Given this impact, it is not surprising that governments in the region have sought a way out but so far with little success. In 1993, the heads of the five countries created an International Foundation for the Salvation of the Aral Sea, but the only country that attracted significant funding was Kazakhstan which secured a World Bank loan to save the northern Aral.
With few prospects that they will be able to reorient their economies or significantly slow population growth, the four other countries have been unable to take any serious steps or reach any water-sharing agreement. And as a result, “relations among these former Soviet republics are so tense that they with great probability will lead to war rather than to peace.”
Vovk gives as an example of this the tensions between Tajikistan and Uzbekistan.
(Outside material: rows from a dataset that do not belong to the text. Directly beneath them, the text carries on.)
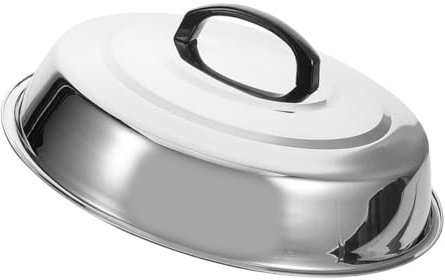 Toddmomy per Alimenti in Inossidabile a Cupola per Bistecche da BBQ Copertura Anti-Schizzi per Ristoranti Dimensioni Compatte e Maniglia Ergonomica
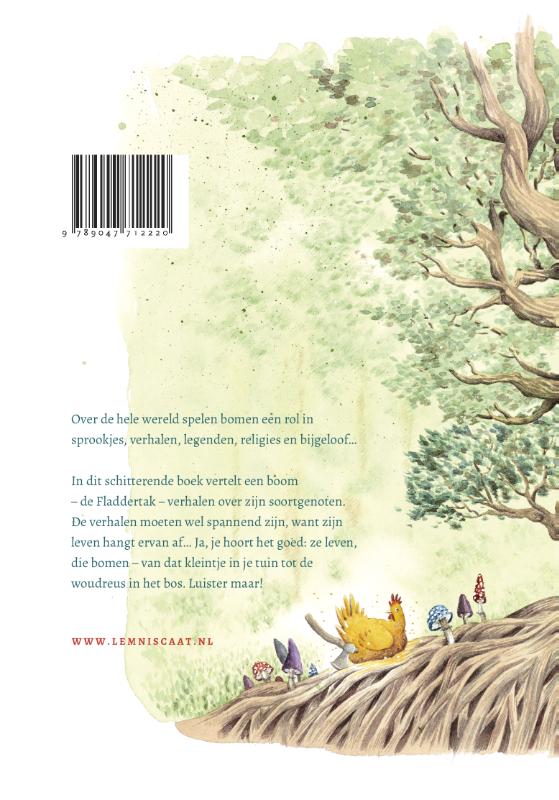 Verhalen van de Fladdertak achterkant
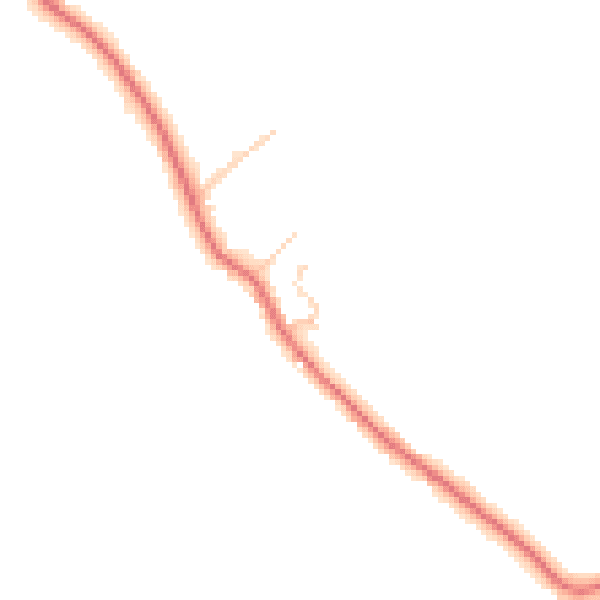 Daytime road noise heatmap for CH1 6DJ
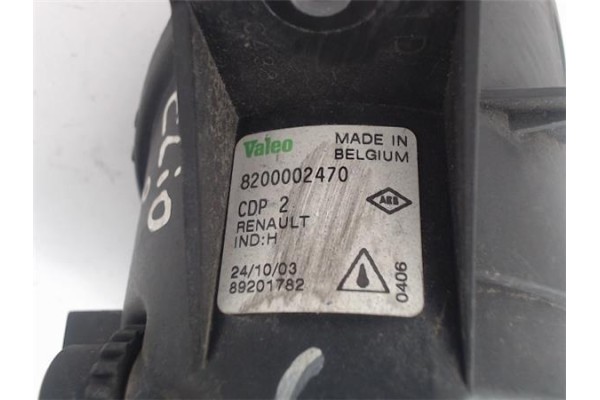 Recambio de faro antiniebla derecho para renault clio ii fase i (b/cb0) referencia OEM IAM 8200002470 89201782 261508990A , NISS
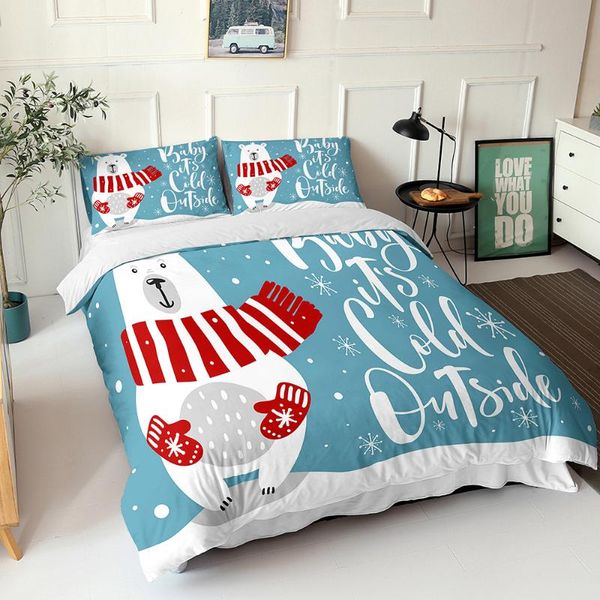 bedding sets children set 3d polar bear pattern comfor cover for teen boys girls baby bedroom decoration full size home textile 3pcs
bedding sets children set 3d polar bear pattern comfor cover for teen boys girls baby bedroom decoration full size home textile 3pcs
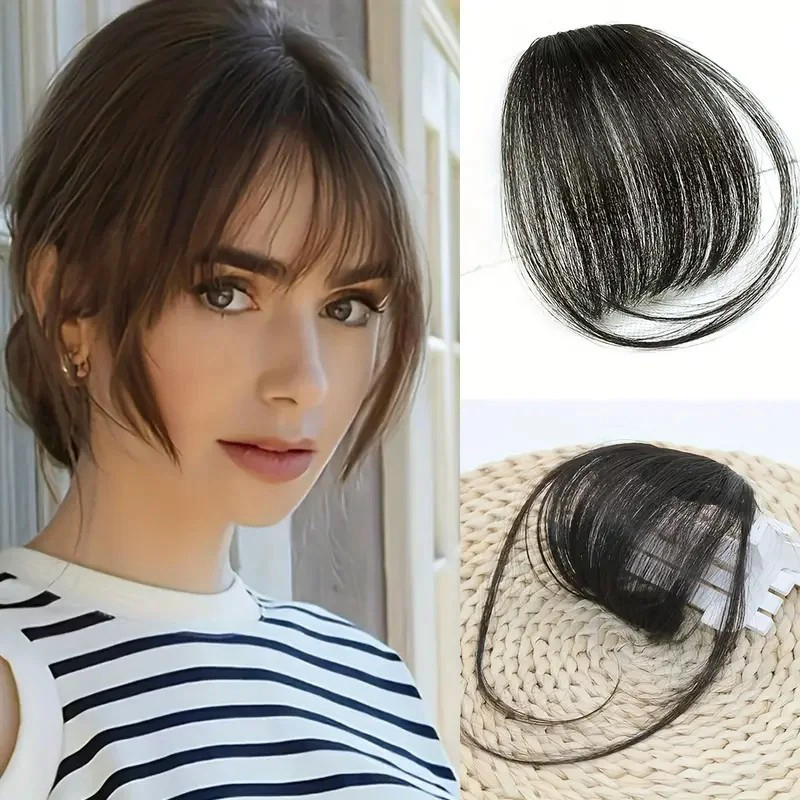 Synthetic Short Wig with Bangs for Women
Despite their common membership in the Shanghai Cooperation Organization and the Organization of the Treaty on Collective Security, both maintain tight visa regimes on the other and have mined their common frontiers.
Unfortunately, he continues, “similar relations exist among the other countries of this region as well,” with tensions between Kazakhstan and Uzbekistan further exacerbated by the desire of each to be the leader of Central Asia and their concerns about rapid population growth in neighboring states.
Russia is involved on all sides, but its ability to “regulate the conflicts,” Vovk points out, is limited by its interest in building the dams in Kyrgyzstan and Tajikistan that are viewed in the other three countries as a major part of the water problem. Consequently, Moscow has not had the success it says it hopes for.
As a result, Vovk concludes, “no fundamental changes for the better will take place” in Central Asia anytime soon. And thus there is a great risk that one or another of the five countries will be tempted to consider using military means to slice through “the knot of problems arising from the drying up of the Aral Sea” in order to get enough water for its people to drink.